Neste sábado (4), França e Paraguai se enfrentam pelas oitavas de final da Copa do Mundo de 2026, no Philadelphia Stadium.
Em um confronto que carrega um dos maiores “déjà-vus” da história dos Mundiais.
Para quem olha o favoritismo e o ataque avassalador dos franceses, o jogo parece protocolar
Mas o confronto de logo mais, às 18h (horário de Brasília), traz à tona um “fantasma” que quase custou o primeiro título mundial da França.
O sufoco em Lens
Em 28 de junho de 1998, no Stade Félix-Bollaert, em Lens, a França de Zinedine Zidane (que cumpria suspensão naquele dia) sofria o maior sufoco da sua campanha rumo ao inédito título.
Do outro lado estava um Paraguai valente, liderado pelo goleiro José Luis Chilavert e por uma excelente defesa com Ayala e Gamarra.
Naquela tarde, a França tentou durante os 90 minutos.
Mas esbarrou na trave, no nervosismo e na defesa paraguaia.
Terminando o jogo em um empate por 0 a 0.
O resultado levou a partida para a prorrogação.
O drama só terminou aos 114 minutos de jogo, quando o zagueiro Laurent Blanc apareceu na área para marcar o primeiro Gol de Ouro da história das Copas.
Um lance que classificou os donos da casa e eliminou os sul-americanos.
Deschamps estava lá: era o capitão francês e sentiu, dentro de campo, aquele sufoco.
O cenário se repete em 2026
Esse jogo reflete perfeitamente o estilo atual das duas equipes.
A França, avassaladora, tem o ataque mais letal do torneio, com a velocidade e a qualidade de Barcola, Dembélé, Olise e Mbappé.
É uma equipe que, se der espaço, é letal.
Já o Paraguai, sob o comando de Gustavo Alfaro, “sabe sofrer”.
Foi assim que segurou o empate com a Alemanha e buscou a classificação nos pênaltis, consagrando o goleiro Orlando Gill como o herói.
”Os paraguaios vão jogar com as linhas muito baixas, defendendo ao máximo.
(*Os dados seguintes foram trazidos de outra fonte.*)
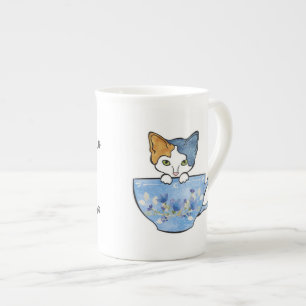 Läppja Tea och dalta min kattchinamugg Benporslin Mugg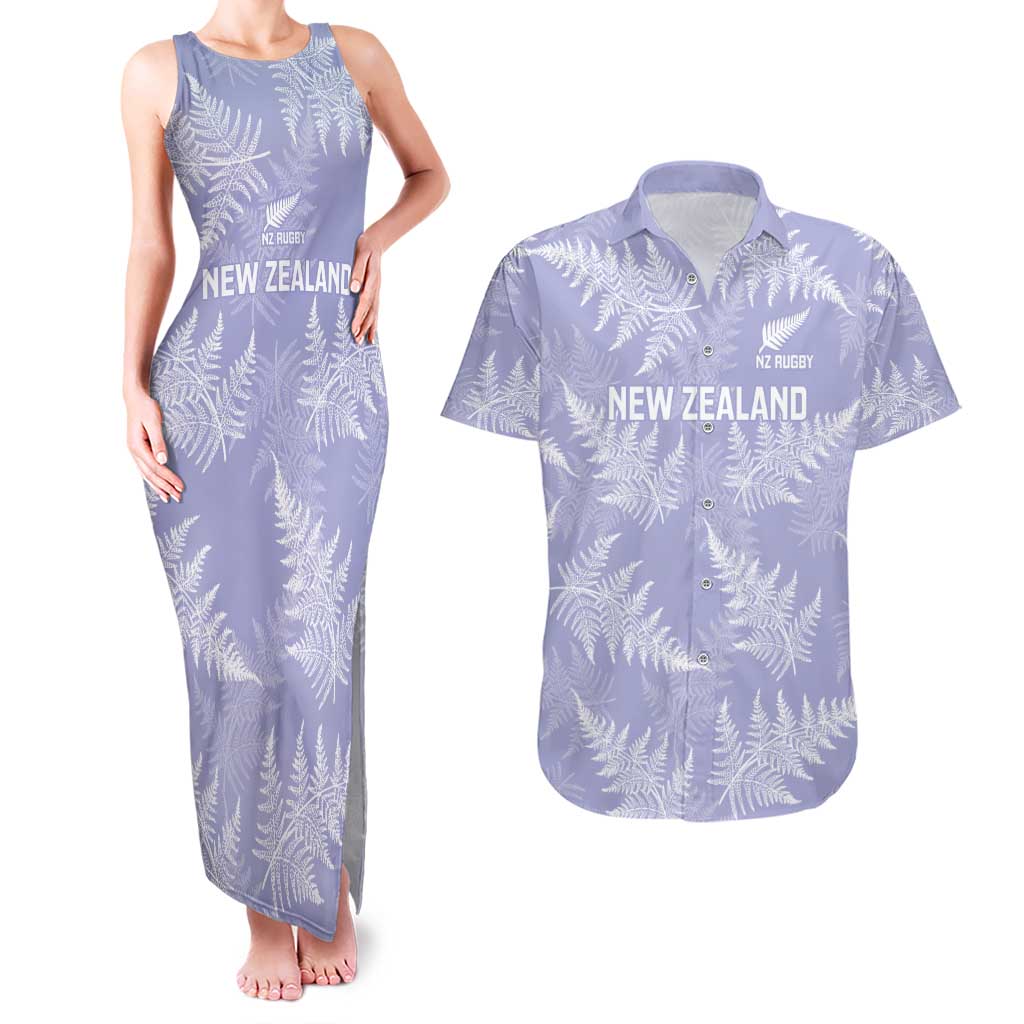 New Zealand Silver Fern Rugby Custom Couples Matching Tank Maxi Dress and Hawaiian Shirt Go Aotearoa Champions Purple Version - Polynesian Pride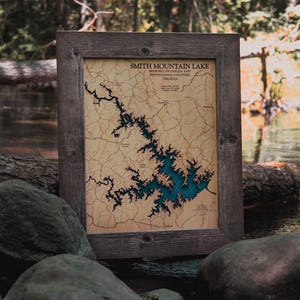 Smith Mountain Lake - Custom Wood Map - Virginia Map - 3D Wall Art - Contour Map - Lake House Decor - Lake Map - Depth Map - Lake Gift- Gift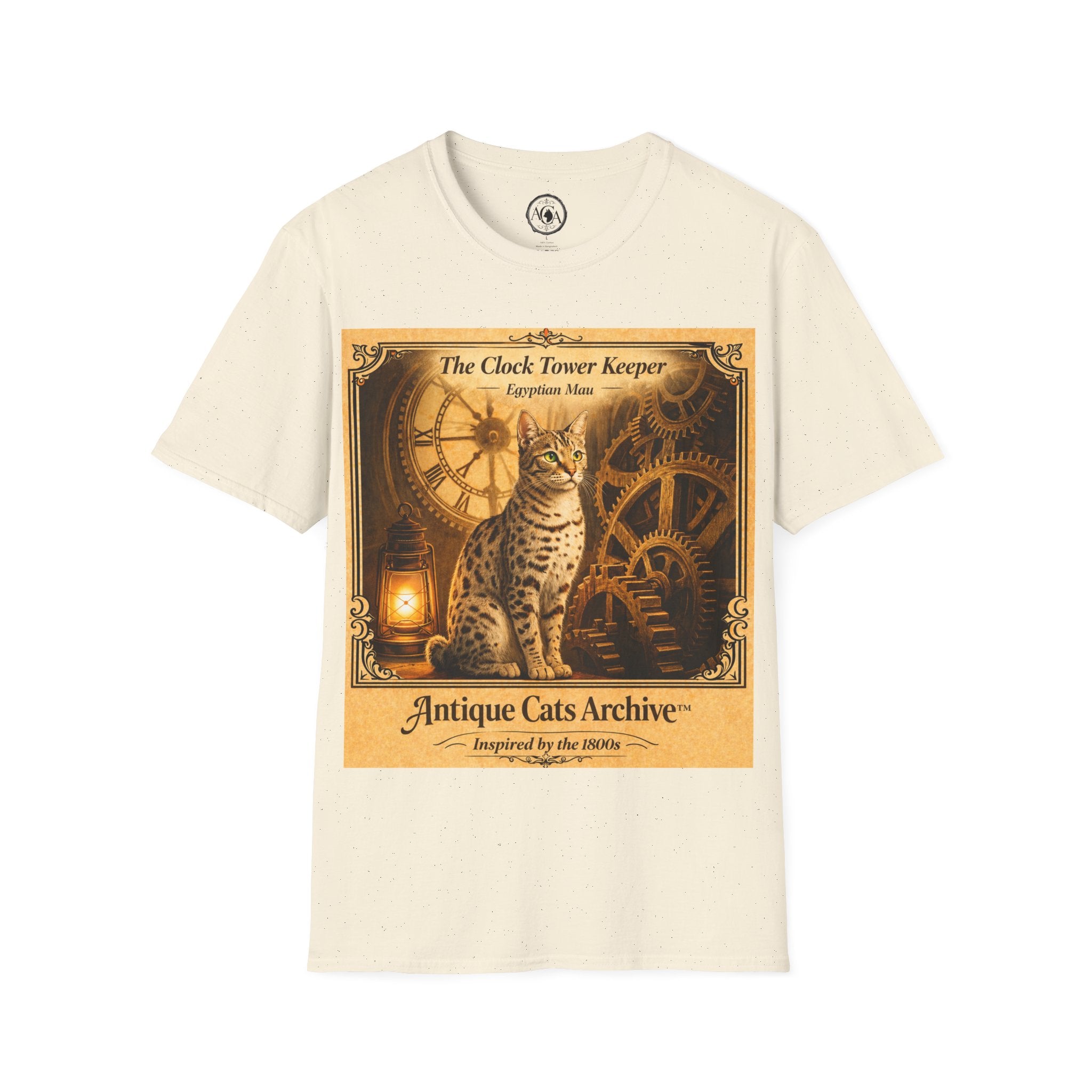 Antique Cats Archive™ Entry No. ACA-011-FND “The Clock Tower Keeper” Tabby Cat T-Shirt – Vintage 1800s Engraving Style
Eles têm uma equipe forte, agressiva. Vão tentar segurar o jogo o máximo possível. Vão tentar desestabilizar os franceses, jogar com o psicológico e deixá-los irritados. É por isso que, nesse tipo de partida, o mais complicado é achar o primeiro gol. Se ele chegar cedo, ótimo, mas, se demorar muito, as coisas podem ficar frustrantes. O mais importante é não entrar no jogo do Paraguai”, alertou o ex-jogador francês Robert Pires na véspera do confronto.
Se em 98 o Paraguai tinha Chilavert, hoje tem a fome de uma nova geração que joga sem a pressão do favoritismo.
Alfaro sabe que, se der campo para a França correr, o jogo acaba cedo.
Por isso, a expectativa é de um Paraguai extremamente fechado, forçando a França a propor o jogo em espaços reduzidos.
Para piorar o desafio, os termômetros na Filadélfia prometem chegar entre 36°C e 38°C, com sensação térmica superior a 41°C.
Sob um calor extremo, o esforço para furar uma retranca pode esgotar os franceses fisicamente, o que pode ser um problema caso a partida vá para a prorrogação.
Se a França não marcar cedo, a lembrança de 98 pode assombrar o técnico francês.
Fica a pergunta: Mbappé e companhia conseguirão furar a defesa paraguaia nos 90 minutos.
Ou o roteiro daquele drama histórico vai se repetir?
A resposta será desenhada hoje, e o Paraguai entra em campo pronto para fazer a história ser diferente.